Don’t miss out on your chance to save money with these powerful IRA tax benefits for the 2015 tax year
The IRS has started accepting federal income tax returns and the 2015 tax season is in full swing. It’s too late to get many of the deductions and credits that you might have missed but there are still some huge IRA tax benefits you can claim on your 2015 taxes.
That’s because you have until the last day to file your taxes, April 18th, to contribute to many types of retirement accounts. Some of these will save you money now while others will give you tax-free money in retirement.
What are the IRA tax deadlines and contribution limits for 2015?
You have until you file or until April 18th to contribute to your traditional IRA, Roth IRA, Health Savings Account (HSA), SEP-IRA or solo 401k. The deadline for filing your income taxes has been moved back this year for the observance of Emancipation Day in the District of Colombia on the 15th. You’ll get a few more days to get your taxes done and Maine or Massachusetts residents get an extra day for observance of Patriots Day on the 18th.

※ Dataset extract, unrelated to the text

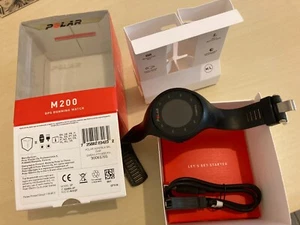 polar watch M 200 in box with charger color black GPS Sport Running - Picture 1 of 9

If you are also covered by an employer-sponsored retirement plan, your 2015 IRA contribution deduction starts to decrease once you make $61,000 in modified adjusted gross income (AGI) or $98,000 for those filing jointly. If you are not covered by an employer-sponsored plan, your IRA contribution deductions are only limited if your spouse is covered by a plan at work and then only if you make $184,000 or more for the year.
Sluggish inflation kept the contribution limits for 2015 and 2016 at exactly the same point, up to $5,500 or up to $6,500 if you’re age 50 or older. The contribution limit doesn’t apply to 401k rollovers or qualified reservist repayments so take advantage of any rollover from a 401k.
Roth IRA contributions start to phase out once you make over $116,000 filing separately or beyond $183,000 in modified AGI if you’re filing jointly. You can still do a rollover from a traditional IRA into a Roth, called a back door Roth.
How much are IRA tax benefits worth?
As tough as it is to earn a decent return on investments, you can’t afford to be missing out on free money when you can get it. By contributing to a traditional IRA, you can deduct the contribution from your income and get tax-deferred growth until you withdraw the money. That’s a powerful tax savings now and for the next several decades.
In fact, assuming annual contributions of $5,500 and a 28% tax bracket, you could be missing out on nearly $300,000 if you aren’t taking advantage of IRA tax benefits. The graphic below shows the ending account value of an IRA and a non-retirement account. Capital gains taxes are taken annually out of the non-retirement portfolio and at the end of the period for the IRA account.
You might even be entitled to an even bigger tax break on your retirement contributions. The Retirement Saver’s Credit gives you a full credit of up to $2,000 per taxpayer against their taxes. If you make less than $36,500 and file jointly, you can take half of your retirement contributions as a credit against any income taxes owed. The credit starts phasing out from there but you can make up to $61,000 and still get a partial credit.
Contributing to your IRA and other retirement accounts offers some of the best tax benefits you’ll ever find. Don’t miss your chance to take advantage of these IRA tax benefits on your 2015 income taxes.